Welcome to Bridget's website for English 101: Living Multilingualism !!!!
                                     Crossing the GAP
              “ Don’t be so nervous to study abroad. You will be fine! Your English grade is always the highest! Take care”  My friend said to me when she hugged me at the airport.  I nodded and said goodbye to those people I love and to the country  in which I grew  up and learned almost everything I knew.  When I stepped into the dorm room of Emory with tons of stuffs on my hand, I still had the confidence to speak English and had a faith that I can get involved in this new environment soon. 

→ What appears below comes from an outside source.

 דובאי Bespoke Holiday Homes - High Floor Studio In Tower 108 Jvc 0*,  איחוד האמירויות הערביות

            Things turn out to be on the opposite side. Starting from the orientation group, I found myself can never involve in a real conversation except saying “ Hi, nice to meet you. I am Bridget.”.  I can’t catch the joke, can’t discuss the movie or VMA. What’s more, just like what Sedaris says in his work “Regardless of their nationalities, everyone spoke in what sounded to me like excellent french. Some accents were better than others, but the students exhibited an ease and confidence I found intimidating.” It’s the first time I lost my confident in English and began to wonder if I can really involve in this different cultural and lingual environment.

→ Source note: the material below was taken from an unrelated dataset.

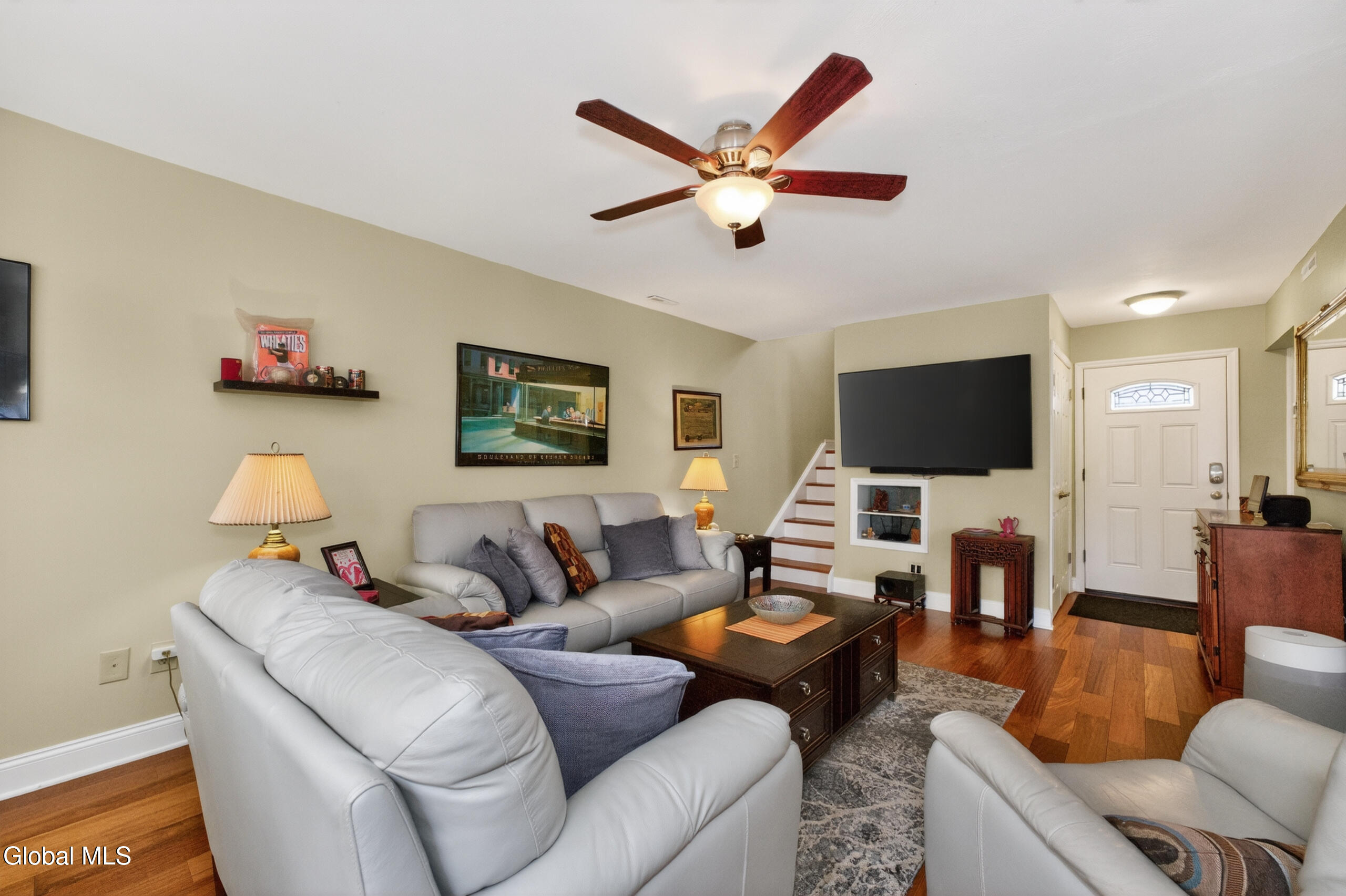 47 Pico Road Clifton Park, NY 12065 - Photo 6 of 37 1 Livingroom 3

          Most people think that if someone has learned a language for more than ten years, even though it may not be his or her mother language,  this person should master this language well and be confident using it. But for the rest of people including us who study a foreign language at our own country are not surprised by the fact that years of studying do not mean mastering a language and speaking the language like a native speaker because we do experience the gap between the same language spoken and used in different countries.

        I remembered on the second day  after we arrived in Atlanta, we went shopping in a nearest mall. When we waited for the bus, we noticed a sign with “Smoking free” on it. My friend’s father asked us “What’s that mean? Can I smoke here or not?” We hesitated answering. “ Does it means smoking freely here or smoking is banned here?”  If you walking into some cafes in China, you can see the sign with“禁止吸烟”and “No smoking” on it.  But we never saw “smoking free” before. We didn’t want to go to ask and told my friend’s father “ We are not sure, but you’d better not smoke here.” “If you don’t know, you should go to ask instead of staying unknown and being satisfied with your limited knowledge. “ He insisted that we should figure it out. Then we went to ask a person and got an answer “’Smoking free’ is just like ‘duty free’. ‘free’ there means ‘without’.” We learned a new terms by asking local people. This experience fires my curiousity about how different is the English spoken and used in China and America and my passion in learning real English.

          I started to encourage myself to going talk and asking  other students either in my hall or in my class. Not so long, I find that there are really many differences between what we learn in China and what people talk in America.  

         With the orientation guide on her hand, a friend asked if I want to go to the activity tonight on the McDonough Field. 

“ Ok, I will meet you at the playground opposite to the DUC.” 

“ Playground? You call “field ““playground” in China?” My friends seemed surprised.  

But I didn’t catch the point.  “ Yes, anything wrong with that?”  I recalled the “five-sentence essay” we often wrote in primary school. The most common sentence that almost appeared on everyone’s sheet is “ I always play soccer (or other sports) with my friend on the playground.”   

“What do you mean when you say ‘playground’?” I  asked.

“ Playground is the place where small kids play. Err.. just like the place in McDonalds!!! Field is just where we paly sports on.”

            The friends’ words open a brand new world for me. It seems that what I have learned and what I have always believed right can be a mistake or even a joke for the native speakers. 

            The gap between the  same language but taught in different countries makes me feel intimidating and upset. It’s  neither the school’s nor  the teacher’s fault.  Actually, from my point of view, the gap exists because the language environment and the purpose of learning the language are different.  In china, except the students who want to study abroad, other students study English because of the general requirement of the education system and  the entry exam for universities. So actually the textbooks are in different versions with almost same contents to teach us how to read, listen and write in English.  Because the purpose for test instead of for daily use, textbooks mainly focus on formal English, especially grammar.. However, the authors of the books are seldom native speakers and most of them are chinese.  So the editors actually always translate English into Chinese or look at the chinese meaning of English words. Just like what we learn in chinese class that words with almost the same meanings in the dictionary actually have slightly different way to use in different situation, English words’ meanings actually vary in different situations. But we can tell the slight difference between chinese words instead of between English words because we listen and speak in chinese all the time! Maybe that’s the way to cross the gap between language taught in different countries : Living with native speakers, listening and talking to Americans! 

          “ Table tennis club is not big on campus.” “ So "big" means "popular" there?” “Right.” Now I am learning how to say English like an Americans does. Maybe one day I can get rid of the accent and involve in this new language environment. But what can we do  if we can’t always have the chances to reach to native speakes when we  are in a different country with them?Why can’t we think more about the purpose to learn a foreign language? To use it in one day in the future or just to learn it for the test? Why can’t we correct the mistakes in the textbook and teach children in China the way that native speakers speak English?